Kesenjangan Ekonomi – 24 Persen Provinsi Alami Pertumbuhan di Bawah Rata-rata Nasional
JAKARTA – Kebijakan fiskal saat ini dinilai belum efektif mendorong pertumbuhan ekonomi nasional. Kenaikan Anggaran Pendapatan dan Belanja Negara (APBN) tiap tahun dinilai belum mampu mengatasi masalah ketimpangan ekonomi.
Wakil Menteri Keuangan (Wamenkeu), Mardiasmo, mengungkapkan ruang fiskal Indonesia saat ini cukup longgar. Karena itu, dengan kemampuan fiskal tersebut, diharapkan dapat mewujudkan tujuan negara mendorong pertumbuhan ekonomi, mengurangi kesenjangan dan kemiskinan, serta pemerataan pembangunan.
“Tapi, selama 71 tahun kita merdeka, masih ada ganjalan. Padahal, APBN sudah mencapai 2.080 triliun rupiah pada 2017 dan bakal naik 2.200 triliun rupiah pada 2018,” ujar Mardiasmo dalam diskusi ekonomi, di Jakarta, Selasa (4/4). Tak hanya itu, lanjut Mardiasmo, dana transfer ke daerah pada 2017 juga dinaikkan dua kali lipat dari tahun sebelumnya menjadi 765 triliun rupiah.
Bahkan, ke depan, targetnya lebih dari 900 triliun rupiah. “Sayangnya, masyarakat miskin tetap saja gigit jari. Jadi, bagaimana kita harus memperbaiki itu?” kata Mardiasmo. Meskipun kemampuan fiskal cukup kokoh, indeks kesenjangan atau ketimpangan di Indonesia belum turun secara signifikan. Tahun lalu, gini ratio hanya mencapai 0,39, turun tipis dari periode sebelumnya sebesar 0,40.
Karena itu, menurut Mardiasmo, Indonesia perlu merealisasikan kebijakan ekonomi berkeadilan, meliputi reformasi agraria, memperluas akses terhadap pasar modal, dan upaya lainnya untuk menurunkan gini ratio tersebut. Pemerintah, sambung dia, melalui Kementerian Keuangan juga terus membenahi anggaran sesuai tepat sasaran guna mengembalikan kredibilitas APBN, termasuk efisiensi anggaran rapat dan perjalanan dinas kementerian dan lembaga.
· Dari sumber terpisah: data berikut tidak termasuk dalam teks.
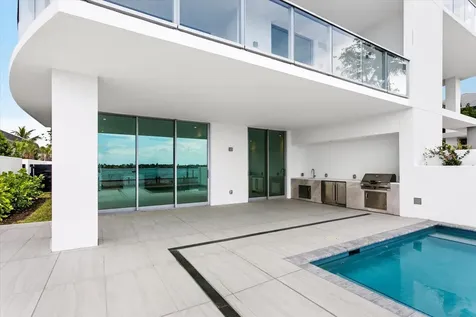 4714 N Flagler Drive West Palm Beach FL 33407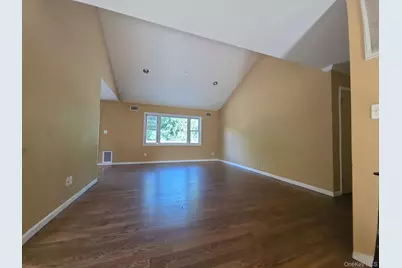 25 Butternut Drive, New City, NY 10956 - Photo 2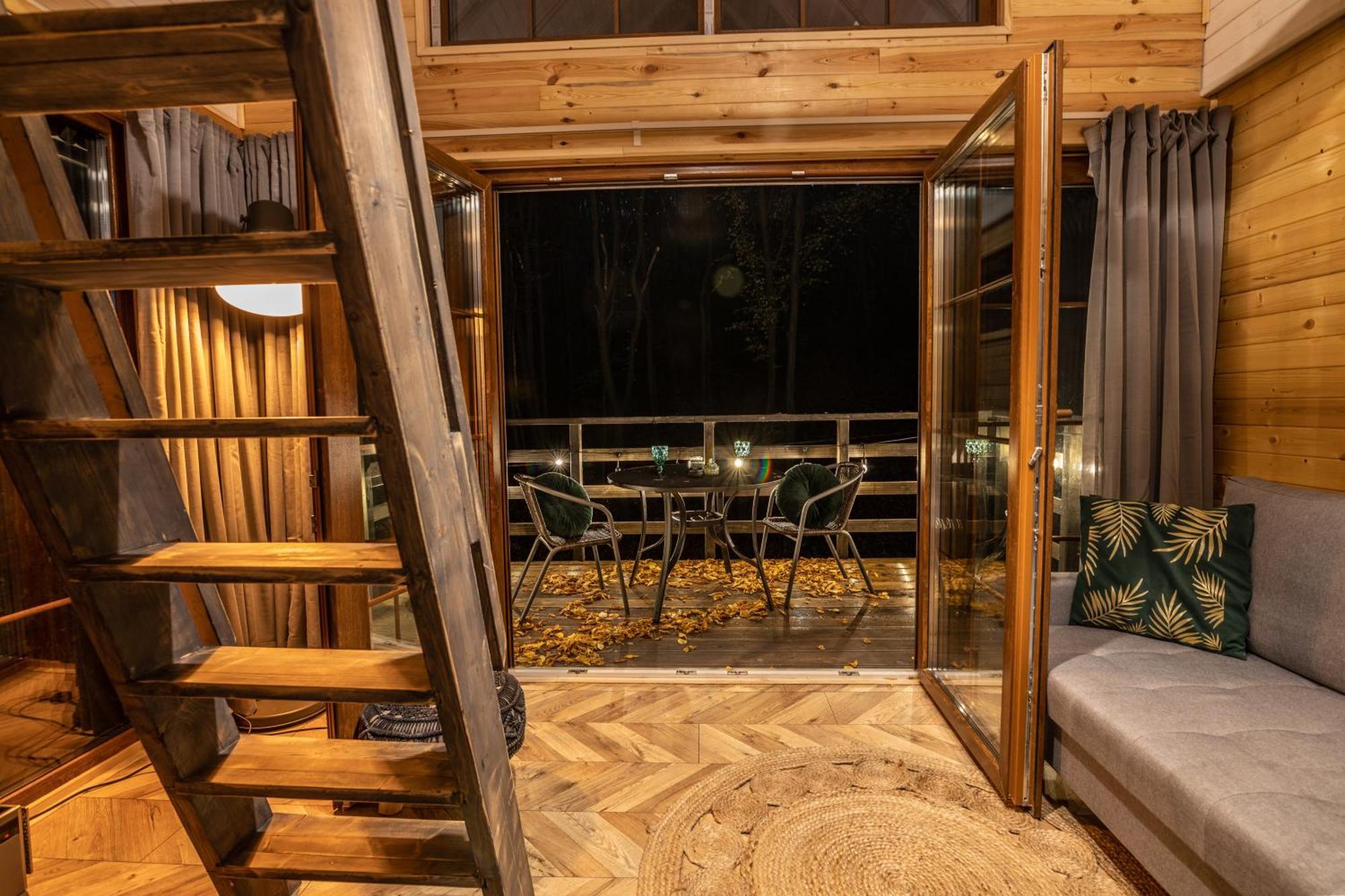 Appartement Na Skraju Lasu Domek Na Drzewie & Glamping à Kazimierz Dolny Extérieur photo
Mardiasmo juga menekankan perlunya sinergi antara pemerintah pusat dan daerah untuk mengintegrasikan APBN dengan APBD. Selain itu, kerja sama antar-otoritas fiskal dan moneter penting dilakukan. “APBN harus menjadi instrumen untuk mengurangi pengangguran, kemiskinan, ketimpangan, dan mewujudkan pemerataan pembangunan,” Mardiasmo mengatakan
Kendala Pertumbuhan
Sementara itu, Wakil Ketua Komite Ekonomi dan Industri Nasional (KEIN), Arief Budimanta, menyebutkan ketimpangan dan stabilitas ekonomi bervariasi antarwilayah di Indonesia.
Kondisi tersebut menjadi tantangan bagi pertumbuhan ekonomi nasional. Dia menambahkan, 24 persen provinsi mengalami pertumbuhan ekonomi di bawah rata-rata pertumbuhan ekonomi nasional, di antaranya Aceh, Kalimantan Timur (Kaltim), dan daerah lainnya.
Selain itu, kata Arief, tercatat 44 persen provinsi lainnya mengalami pertumbuhan ekonomi yang tidak stabil, termasuk Nusa Tenggara Barat, dan Sulawesi Tengah.
Bahkan, pertumbuhan ekonomi yang dicetak di provinsi tersebut bisa mencapai dua digit, tetapi pada tahun berikutnya hanya satu digit sehingga disebut tidak stabil. “Karena itu, strategi pembangunan wilayah yang dimulai dari pinggiran bukan sekadar retorika saja,” ujarnya.